Es ist eine unerwartet politische Story, die Filmemacher Kirkpatrick in Smallfoot: Ein eisigartiges Abenteuer erzählt und wenn Migo sagt, „mir fehlt meine Unwissenheit“, dann drückt er ein Dilemma aus, das im Grunde alle aufgeklärten Völker und Menschen trifft. Eingebettet ist das in eine Präsentation, die die zotteligen Yetis als sympathische (und tollpatschige) Riesen präsentiert und damit für Heiterkeit, insbesondere bei den Kindern im Publikum sorgt. Die Animationen sind durchweg gelungen, erreichen aber nie ganz die technische Finesse von anderen Pixelschmieden. Ebenso die Songs, die zu den jeweiligen Situationen passen und allesamt mit einer Reprise nochmals aufgegriffen werden, aber nicht in Erinnerung bleiben. Neben dem durchaus nachdenklich stimmenden Thema warten auf ältere Zuseher einige Anleihen, insbesondere an Monster-Klassiker wie King Kong und die weiße Frau [1933], die aber nicht so prominent ins Bild gerückt werden, dass sie stören würden.
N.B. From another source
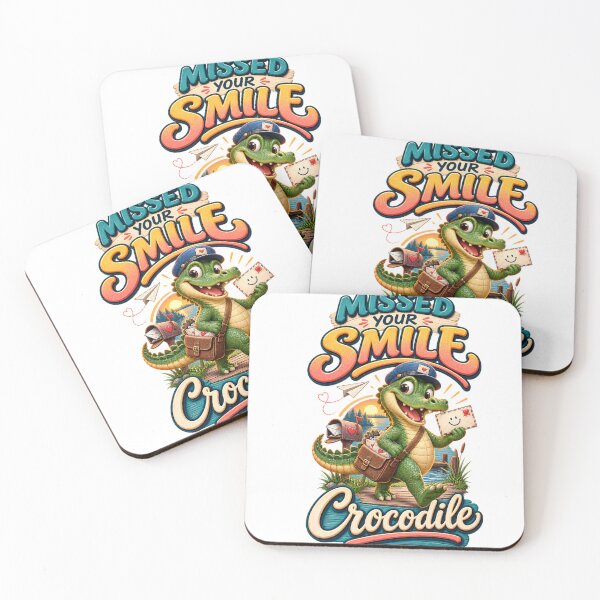 Item preview, Missed Your Smile Crocodile T-Shirt, Cute Back to School Teacher Gift, Funny Crocodile Classroom Student Graphic Tee designed and sold by OUICHA.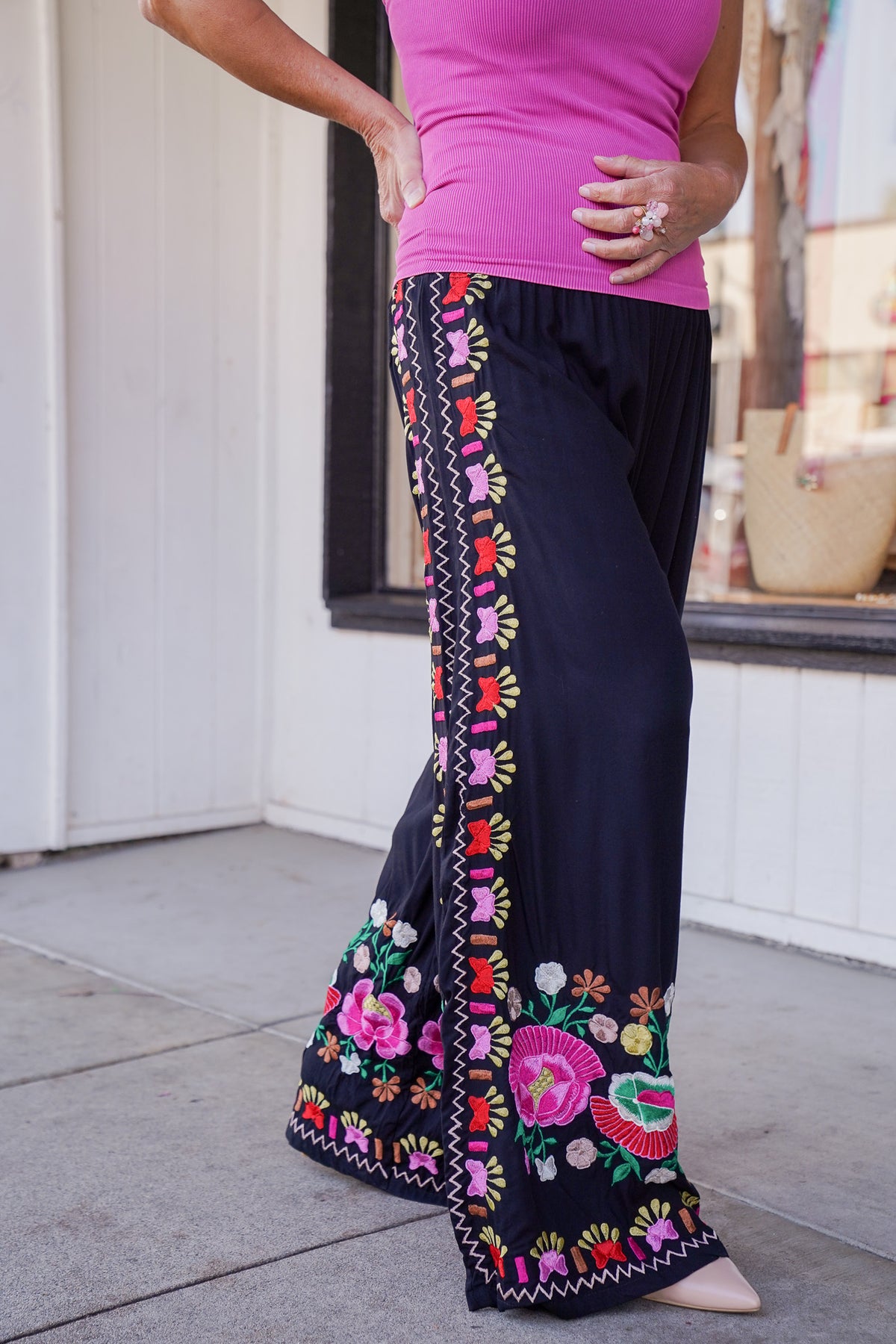 Esmeralda Wide Leg Pant | Shop Coco Rose Boutique Beach & Resort Wear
Als Animationsabenteuer für Groß und Klein überrascht Smallfoot vor allem durch die Geschichte, die tadellos und mit viel Augenzwinkern in Szene gesetzt ist. Als familiengerechte Unterhaltung ist das durchweg gelungen und ebenso unerwartet. Vor allem ist es in der Aussage richtig und vielleicht auch lehrreich. Heute mehr denn je.


Fazit:
Dass hier nicht wie sonst bei vielen Animationsfilmen die Themen Familie und Toleranz im Mittelpunkt stehen, ist durchaus erfrischend. Regisseur Karey Kirkpatrick (Ab durch die Hecke [2006]) gelingt zwar nie ganz der inhaltliche Tiefgang oder die bleibende emotionale Wirkung eines modernen Klassikers, dafür bleiben die Figuren zu oberflächlich und ihre Handlungen zu wenig schwerwiegend in ihren Auswirkungen. Aber die überraschend politische Aussage, die am Ende nicht nur eine klare, sondern auch eine überaus aktuelle Botschaft hinsichtlich der gesellschaftlichen Abschottung trifft, ist nicht nur gelungen, sondern hebt den Film von vielen anderen Genrevertretern ab. Dank der oftmals knuffigen Figuren, der leichtfüßigen Inszenierung und dem kindgerechten Humor, gerät das nie zu schwer oder zu ernst. Im Ergebnis ist Smallfoot: Ein eisigartiges Abenteuer ein durchweg amüsantes, inhaltlich aktuelles und tadellos gemachtes Animationsabenteuer für die ganze Familie, das so charmant wie sympathisch und mit einer eindeutigen Aussage präsentiert wird. Schön!